Ausgestaltung und Umsetzung der neuen rechtlichen Rahmenbedingungen für den Schutz vor gefährlichen Hunden
Statement von Dr. Heinrich Grußendorf, Bramsche, Vizepräsident des BPT, anlässlich der Einladung der Bundestagsfraktion Bündnis 90 Die Grünen zur Anhörung am 21. August, 10.30 Uhr bis 15.00 Uhr, Luisenstr. 32-34, Raum 1001, 10117 Berlin
1. Probleme der Vollzugsbehörden
Aus tierärztlicher Sicht ist eine angemessene Ausbildung der für Hunde eingesetzten Vollzugspersonen erforderlich. Fachlich muss sich die Ausbildung erstrecken auf
- a) die Kenntnisse von Hunderassen, d.h., das phänotypische Erscheinungsbild verschiedenster Rassen. Um Kreuzungen gefährlicher Rassen zu erkennen bedarf es intensivsten Trainings, wenn es auch nur annähernd gelingen soll, die Elternschaft und damit die vermutete Gefährlichkeit von Tieren herauszulesen.

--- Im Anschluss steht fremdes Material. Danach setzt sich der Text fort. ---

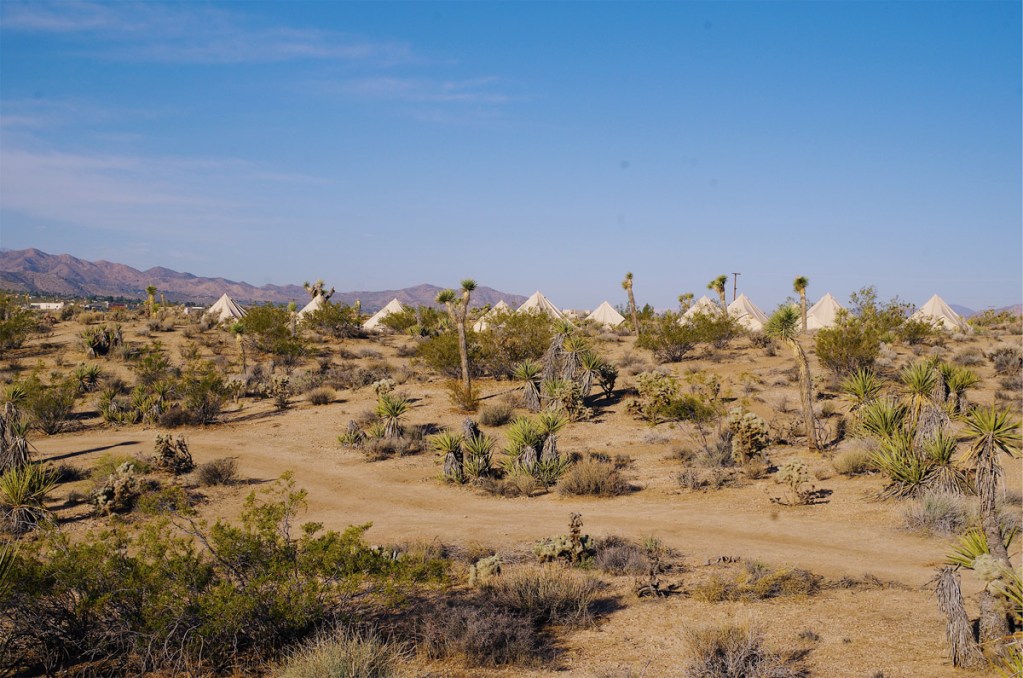 campd_out_joshua_tree_hero-160399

- b) Grundkenntnisse der Ethologie, um Gebärden und Verhalten von Hunden deuten zu können und um die Voraussetzung für den Umgang der Vollzugspersonen mit Hunden zu schaffen.
2. Ausgestaltung des Erlaubnisvorbehaltes für das Halten gefährlicher Hunde
Grundsätzliche Anmerkung:
Richtigerweise ist von vermuteten gefährlichen Hunden zu sprechen. Die tatsächliche Gefährlichkeit ist grundsätzlich eine individuell ausgeprägte Eigenschaft von Einzeltieren einer Rasse.
Ein Erlaubnisvorbehalt sollte aus tierärztlicher Sicht auf zwei verschiedenen Säulen beruhen:
- a) Der persönlichen Zuverlässigkeit des Halters – Straftaten in Richtung Gewaltanwendung (Körperverletzung) oder Unzuverlässigkeit (Trunkenheitsdelikte) sollten einer Erlaubnis zur Haltung vermuteter gefährlicher Hunde entgegenstehen.
- b) Eines zu erbringenden Sachkundenachweises insbesondere über artgerechte Haltung von Hunden und Tierverhalten.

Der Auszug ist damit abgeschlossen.